1. Todos aqueles que pensam um pouco sabem que este país, apesar de ser uma democracia, sofre de défice democrático. Como todos os que pensam sabem que é muito difícil lidar com as opiniões dos outros. Eu próprio, às vezes, tenho dificuldade em lidar com a opinião dos outros. No entanto, todos os dias tento contrariar esta minha atitude, que – apesar de poder ser reprovável – é o que me distingue do resto dos animais (sejam eles racionais ou irracionais). Outro problema é a posição política: esquerda ou direita. Quase ninguém é desassociado destes dois rótulos. Se criticamos a direita é porque somos de esquerda (ou não somos o suficiente de direita); se criticamos a esquerda é porque somos de direita (ou não somos o suficiente de esquerda). Resumindo: uma crítica nunca é vista como apenas uma crítica, mas – quase sempre – como um ataque pessoal. Tal como um texto de opinião nunca é visto como um texto de opinião, mas sim como uma crítica.

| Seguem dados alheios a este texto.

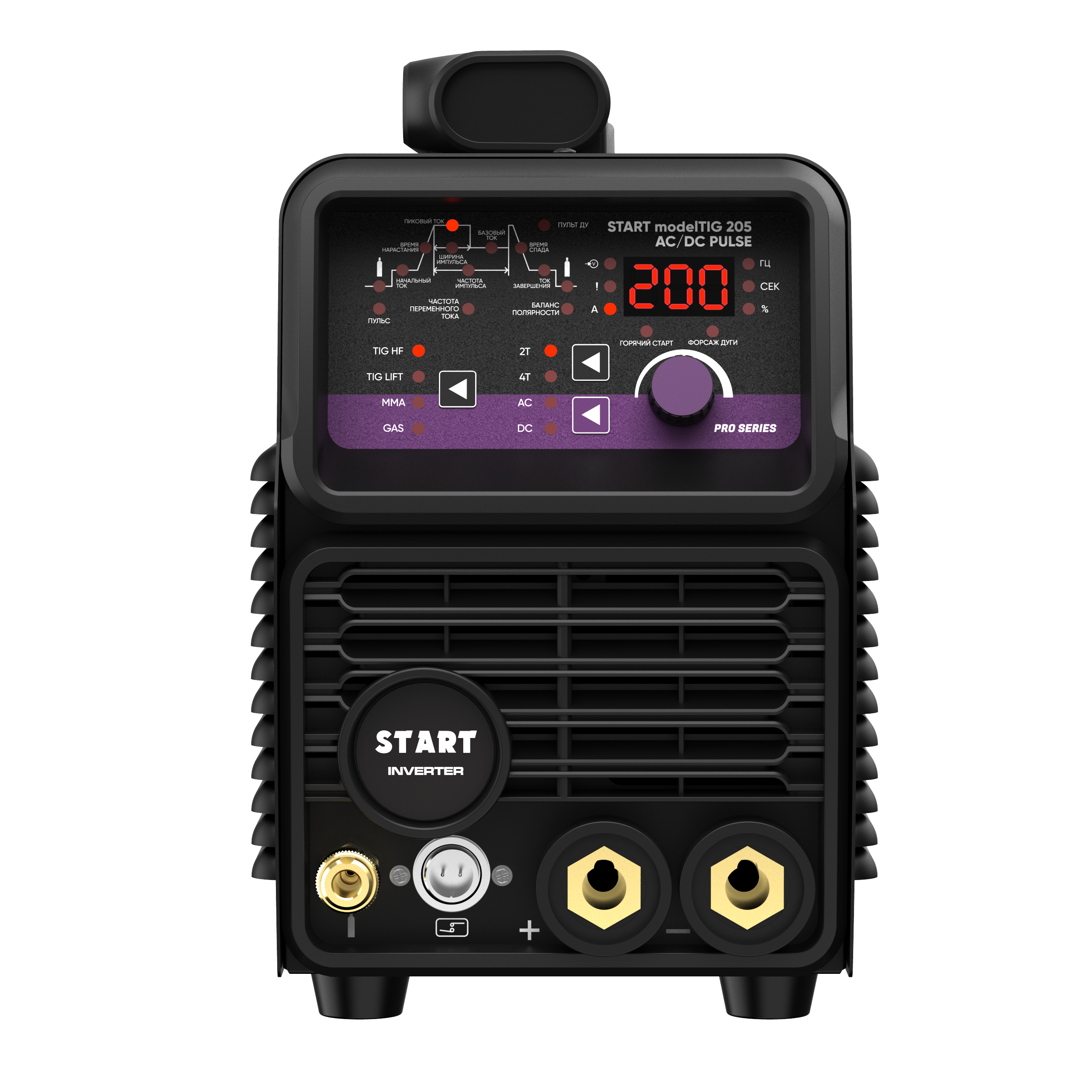 START modelTIG 205 AC/DC TIG PULSE Установка аргонодуговой сварки 3W205AP. Фото 2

2. A questão da interpretação de textos – nomeadamente literários – foi algo que sempre me intrigou. Ainda hoje considero que se trata de uma ciência oculta, apenas possível a um grupo restrito de pessoas, que pertencem a uma sociedade secreta. É claro que não há nada de mais subjectivo do que a literatura. Cada um lê o que quer ler – e aqui também incluo os decretos-lei. Todo o texto literário é passível de infinitas interpretações. O consenso quase nunca é conseguido. É claro que esse é, quanto a mim, o principal valor do texto literário: o facto de não ser consensual. Um bom texto literário não deve ser consensual. Não quero com isto dizer que um texto que reúne consenso não seja literário. No entanto, desconfio dele.